Thanks Scotty, but I think I Windham is my best bet at this point. I've never heard of this magical mystery ski tour bus you speak of?!?       Leaves NYC, hits all major SVT resorts?!? Where do I sign. Up?


----------



## ScottySkis (Mar 22, 2013)

twinplanx said:


> Thanks Scotty, but I think I Windham is my best bet at this point. I've never heard of this magical mystery ski tour bus you speak of?!?       Leaves NYC, hits all major SVT resorts?!? Where do I sign. Up?



It only hits 4 south Vermont Resorts starts at, Mt Snow, then Stratton, Okemo, and k on Friday and weekend, I can't think of name name now, and maybe they don't do it any more I haven't looked in to this since I moved out of the city a few years ago.


----------



## billski (Mar 22, 2013)

Carpoolers welcome Sunday March 24 day trip, metro Boston to Magic, or another area.


----------



## JGNYC (Sep 27, 2014)

I'll carpool with you! Any weekend. My friends too. 

We feel your pain and have forever wanted it to be easier to find decent folks to carpool up to the mountains with. So we're building a solution to the problem. It's [shred share] - www.shredshare.org. At the moment it's geared specifically to NYC metro area folks to connect and carpool up to VT, NH, etc. It's 110% down for the cause and there's no ads, no sign-up and totally free. We just want to share the shred. 

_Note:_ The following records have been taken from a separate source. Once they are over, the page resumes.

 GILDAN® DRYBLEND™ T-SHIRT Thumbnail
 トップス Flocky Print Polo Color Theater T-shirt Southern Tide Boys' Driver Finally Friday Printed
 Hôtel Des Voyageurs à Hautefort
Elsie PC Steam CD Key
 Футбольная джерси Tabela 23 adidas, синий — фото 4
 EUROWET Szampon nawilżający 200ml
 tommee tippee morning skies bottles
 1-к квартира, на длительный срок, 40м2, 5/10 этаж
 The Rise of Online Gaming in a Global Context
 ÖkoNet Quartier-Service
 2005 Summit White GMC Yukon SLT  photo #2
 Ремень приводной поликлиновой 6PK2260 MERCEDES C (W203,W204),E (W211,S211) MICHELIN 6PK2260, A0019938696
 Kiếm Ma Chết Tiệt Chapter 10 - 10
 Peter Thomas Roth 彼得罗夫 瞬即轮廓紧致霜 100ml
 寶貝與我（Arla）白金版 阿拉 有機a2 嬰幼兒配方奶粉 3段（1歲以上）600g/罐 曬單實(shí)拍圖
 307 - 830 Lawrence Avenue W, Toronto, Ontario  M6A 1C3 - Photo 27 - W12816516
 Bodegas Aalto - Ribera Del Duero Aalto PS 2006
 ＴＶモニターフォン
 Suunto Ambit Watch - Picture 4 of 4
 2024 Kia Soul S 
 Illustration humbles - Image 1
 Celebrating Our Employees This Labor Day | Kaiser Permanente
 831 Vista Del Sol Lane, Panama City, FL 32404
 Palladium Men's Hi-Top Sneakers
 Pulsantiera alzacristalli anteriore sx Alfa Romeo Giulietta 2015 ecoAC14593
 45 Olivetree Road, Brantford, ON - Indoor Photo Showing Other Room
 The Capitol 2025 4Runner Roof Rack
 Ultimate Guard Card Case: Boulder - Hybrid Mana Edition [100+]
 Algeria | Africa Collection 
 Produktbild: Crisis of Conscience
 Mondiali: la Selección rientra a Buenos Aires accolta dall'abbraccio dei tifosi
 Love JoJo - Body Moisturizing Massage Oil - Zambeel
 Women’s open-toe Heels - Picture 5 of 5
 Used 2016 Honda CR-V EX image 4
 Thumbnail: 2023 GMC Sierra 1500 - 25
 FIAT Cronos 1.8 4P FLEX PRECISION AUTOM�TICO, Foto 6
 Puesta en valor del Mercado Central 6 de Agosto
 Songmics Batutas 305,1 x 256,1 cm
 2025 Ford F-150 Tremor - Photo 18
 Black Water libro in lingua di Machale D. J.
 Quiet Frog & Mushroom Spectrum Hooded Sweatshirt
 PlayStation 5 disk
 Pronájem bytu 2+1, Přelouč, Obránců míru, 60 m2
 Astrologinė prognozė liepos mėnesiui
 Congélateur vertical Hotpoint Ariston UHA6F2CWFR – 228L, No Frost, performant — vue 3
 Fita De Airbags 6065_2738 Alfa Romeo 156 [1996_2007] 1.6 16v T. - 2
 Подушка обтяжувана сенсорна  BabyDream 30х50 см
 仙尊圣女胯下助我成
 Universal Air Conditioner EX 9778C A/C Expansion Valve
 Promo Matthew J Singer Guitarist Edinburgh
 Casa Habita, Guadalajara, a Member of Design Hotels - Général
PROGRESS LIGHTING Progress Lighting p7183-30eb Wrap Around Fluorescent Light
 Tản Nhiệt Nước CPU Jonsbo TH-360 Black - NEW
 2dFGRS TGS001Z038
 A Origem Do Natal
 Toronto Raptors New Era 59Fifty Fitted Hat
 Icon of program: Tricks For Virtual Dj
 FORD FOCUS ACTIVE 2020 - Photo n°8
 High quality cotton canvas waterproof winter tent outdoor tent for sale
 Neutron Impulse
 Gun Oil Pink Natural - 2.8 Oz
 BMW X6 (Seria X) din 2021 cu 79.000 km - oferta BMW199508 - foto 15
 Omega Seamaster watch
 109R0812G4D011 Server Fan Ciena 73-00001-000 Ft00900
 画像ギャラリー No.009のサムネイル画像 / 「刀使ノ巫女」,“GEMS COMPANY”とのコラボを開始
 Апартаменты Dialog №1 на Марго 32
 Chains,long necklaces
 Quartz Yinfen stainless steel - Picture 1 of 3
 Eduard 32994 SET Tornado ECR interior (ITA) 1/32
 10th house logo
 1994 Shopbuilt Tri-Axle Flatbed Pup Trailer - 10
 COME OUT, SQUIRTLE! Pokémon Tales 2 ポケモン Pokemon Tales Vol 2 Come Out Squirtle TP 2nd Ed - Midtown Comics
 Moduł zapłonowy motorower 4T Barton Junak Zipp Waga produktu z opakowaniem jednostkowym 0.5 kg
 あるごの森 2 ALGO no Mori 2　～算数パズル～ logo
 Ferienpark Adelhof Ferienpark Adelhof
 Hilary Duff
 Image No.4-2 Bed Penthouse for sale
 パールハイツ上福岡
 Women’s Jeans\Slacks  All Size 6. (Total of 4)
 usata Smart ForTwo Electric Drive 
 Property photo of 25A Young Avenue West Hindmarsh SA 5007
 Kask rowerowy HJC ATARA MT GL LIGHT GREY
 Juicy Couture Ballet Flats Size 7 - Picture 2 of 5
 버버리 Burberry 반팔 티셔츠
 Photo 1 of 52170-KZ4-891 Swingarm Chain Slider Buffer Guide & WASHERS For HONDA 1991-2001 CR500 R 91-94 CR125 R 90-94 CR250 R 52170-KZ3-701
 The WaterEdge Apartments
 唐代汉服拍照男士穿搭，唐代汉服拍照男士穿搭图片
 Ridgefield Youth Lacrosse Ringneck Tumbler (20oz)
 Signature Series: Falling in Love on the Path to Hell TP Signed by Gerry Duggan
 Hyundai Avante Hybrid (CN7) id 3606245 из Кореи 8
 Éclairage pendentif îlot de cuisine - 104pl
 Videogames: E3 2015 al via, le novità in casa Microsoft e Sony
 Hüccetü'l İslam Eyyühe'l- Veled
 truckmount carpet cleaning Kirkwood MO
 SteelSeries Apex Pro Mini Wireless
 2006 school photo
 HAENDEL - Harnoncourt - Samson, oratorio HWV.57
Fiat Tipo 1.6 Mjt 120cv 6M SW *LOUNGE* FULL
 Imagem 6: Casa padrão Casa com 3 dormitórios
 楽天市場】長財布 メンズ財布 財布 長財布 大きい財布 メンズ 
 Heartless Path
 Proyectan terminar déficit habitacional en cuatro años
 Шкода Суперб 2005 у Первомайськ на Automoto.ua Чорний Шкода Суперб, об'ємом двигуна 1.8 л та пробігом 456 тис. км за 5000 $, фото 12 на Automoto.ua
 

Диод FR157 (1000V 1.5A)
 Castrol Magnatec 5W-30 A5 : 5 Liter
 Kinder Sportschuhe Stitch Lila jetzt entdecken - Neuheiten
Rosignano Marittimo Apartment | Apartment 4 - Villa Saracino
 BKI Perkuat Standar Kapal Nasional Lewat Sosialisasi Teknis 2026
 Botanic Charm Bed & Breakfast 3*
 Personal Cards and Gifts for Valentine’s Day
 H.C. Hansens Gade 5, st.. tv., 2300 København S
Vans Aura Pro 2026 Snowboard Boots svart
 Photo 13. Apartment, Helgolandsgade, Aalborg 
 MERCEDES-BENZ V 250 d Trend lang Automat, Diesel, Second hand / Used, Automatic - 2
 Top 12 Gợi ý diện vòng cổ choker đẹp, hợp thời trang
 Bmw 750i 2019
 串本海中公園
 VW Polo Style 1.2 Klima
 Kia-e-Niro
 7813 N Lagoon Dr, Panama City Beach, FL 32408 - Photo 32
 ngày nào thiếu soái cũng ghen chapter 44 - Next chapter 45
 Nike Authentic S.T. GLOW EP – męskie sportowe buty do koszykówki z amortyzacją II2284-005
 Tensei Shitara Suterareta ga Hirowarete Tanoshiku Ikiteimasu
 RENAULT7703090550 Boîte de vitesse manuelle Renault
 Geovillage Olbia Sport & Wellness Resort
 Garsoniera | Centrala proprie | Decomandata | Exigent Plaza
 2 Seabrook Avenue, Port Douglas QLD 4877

We'd love for you to check it out and would really appreciate your feedback too.  We already have a few carpool offers posted for early November, NYC to VT and are counting down the days to November-ish. For sure we'll be up there opening weekend. So yeah, hit us up if you ever want to connect and go shred. 

shred soon,

Jason
@jasongreenhouse
jason@shredshare.org


----------



## ScottySkis (Oct 18, 2014)

Any carpoolers in mid west NY finger lakes tips snowyridge is close. Binngamtom area just curios. Season passes to Sugarbush maybe if few ppl meet up and drove together all winter starting at mId Hudson valley NY area go up Taconic Pwky then cont on rt3 7 . it could work or K or other pass options where ave of snow is 250 and above.


----------